> _Problem to solve_: When you reach the line in the data below that contains "For more gorgeous", please start repeating lines exactly, and stop after the line that contains "10 Population Change", repeating nothing else.

> _Data for review_:

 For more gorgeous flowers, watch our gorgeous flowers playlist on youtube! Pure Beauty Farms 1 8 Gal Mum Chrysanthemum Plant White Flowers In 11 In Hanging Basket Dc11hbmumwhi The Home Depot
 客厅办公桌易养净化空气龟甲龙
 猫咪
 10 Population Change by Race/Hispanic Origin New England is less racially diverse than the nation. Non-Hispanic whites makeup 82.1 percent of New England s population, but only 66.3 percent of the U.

==

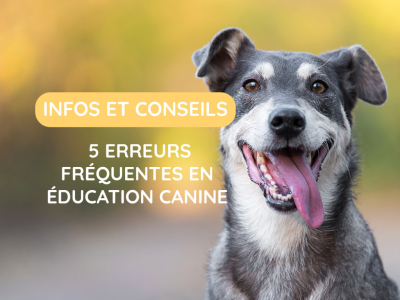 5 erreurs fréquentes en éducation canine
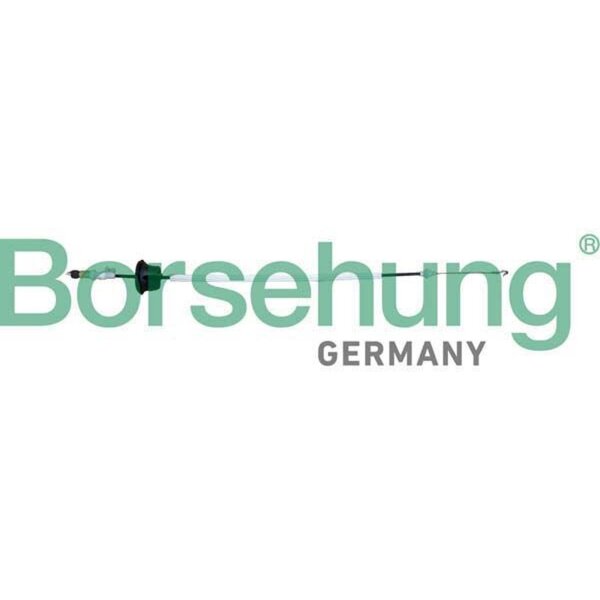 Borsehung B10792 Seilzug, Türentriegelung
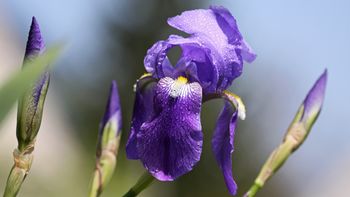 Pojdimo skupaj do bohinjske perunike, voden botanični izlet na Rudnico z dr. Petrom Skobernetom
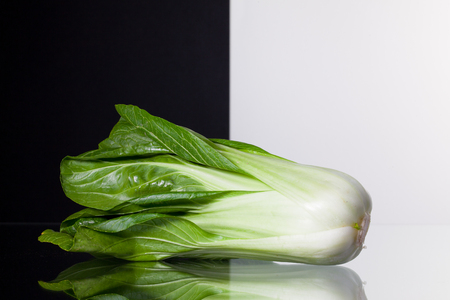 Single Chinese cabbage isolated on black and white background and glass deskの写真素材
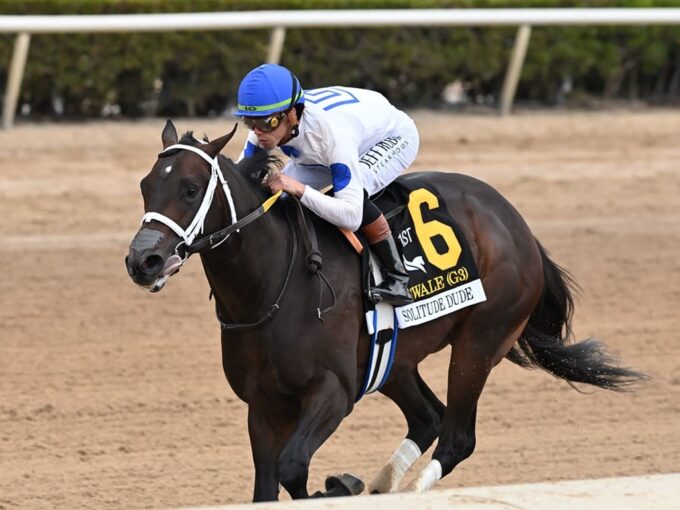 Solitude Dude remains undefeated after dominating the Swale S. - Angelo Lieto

...

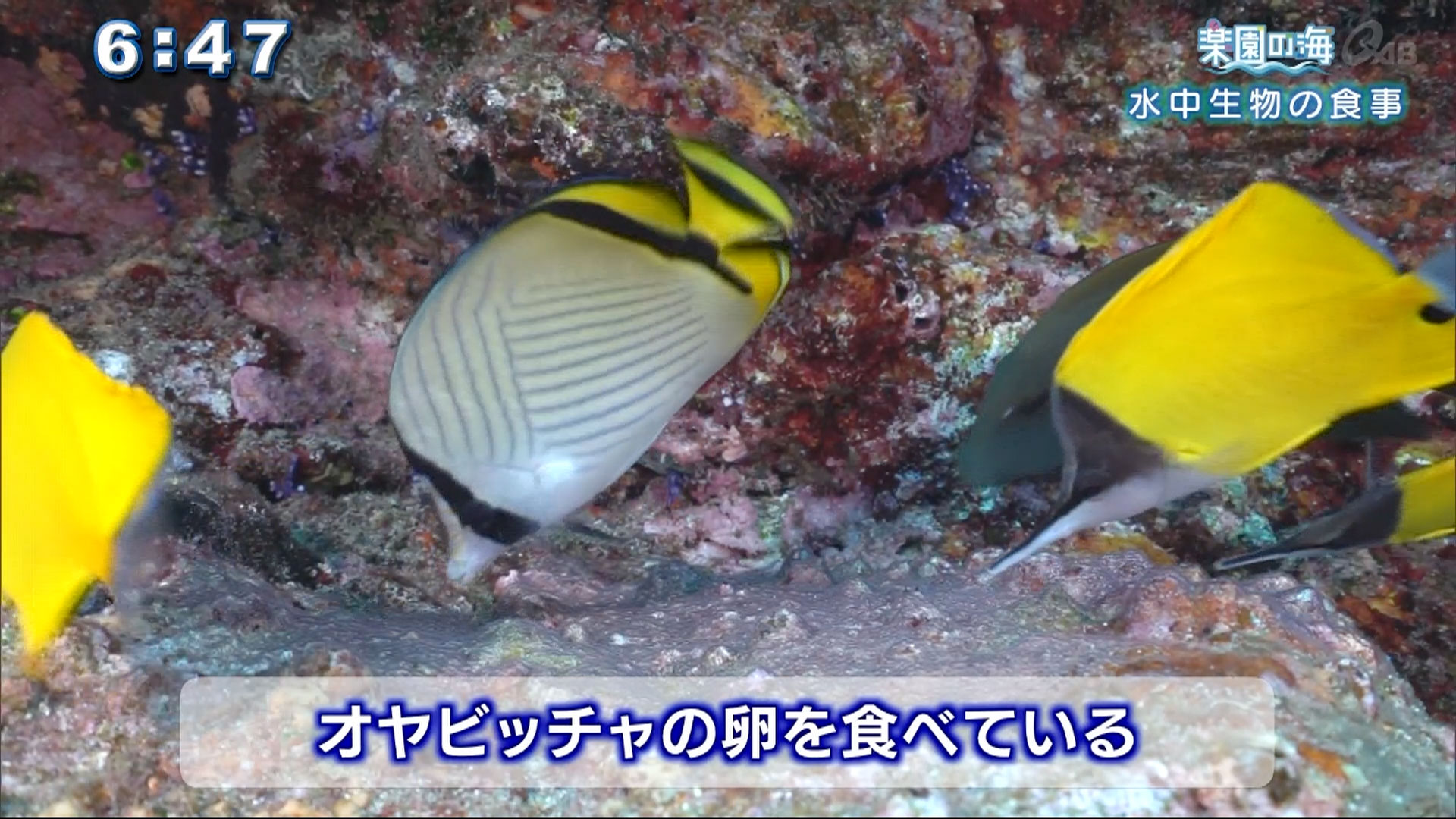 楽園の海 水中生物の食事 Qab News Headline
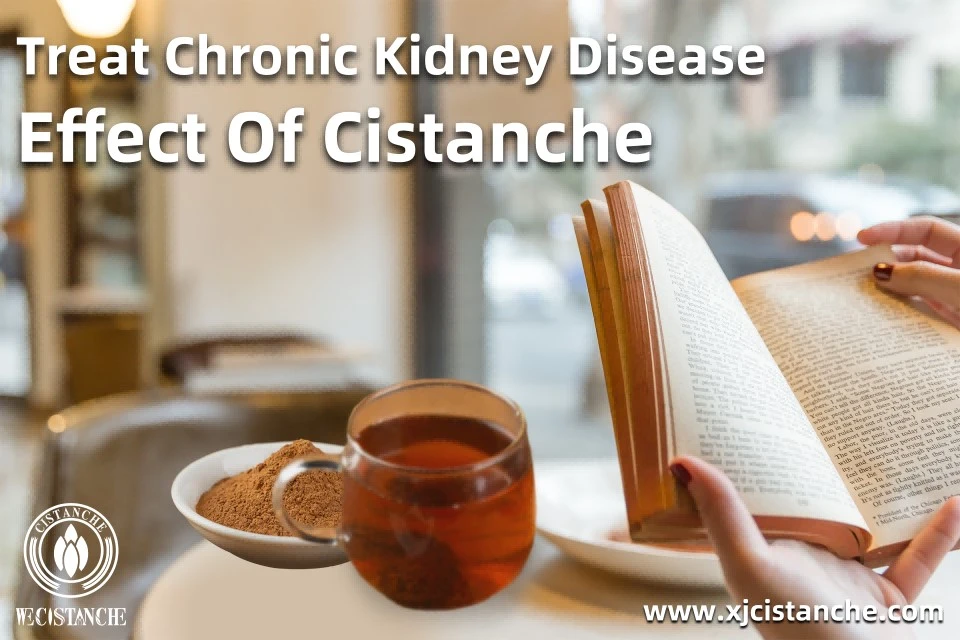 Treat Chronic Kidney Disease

> _Result of the exercise_:
 For more gorgeous flowers, watch our gorgeous flowers playlist on youtube! Pure Beauty Farms 1 8 Gal Mum Chrysanthemum Plant White Flowers In 11 In Hanging Basket Dc11hbmumwhi The Home Depot
 客厅办公桌易养净化空气龟甲龙
 猫咪
 10 Population Change by Race/Hispanic Origin New England is less racially diverse than the nation. Non-Hispanic whites makeup 82.1 percent of New England s population, but only 66.3 percent of the U.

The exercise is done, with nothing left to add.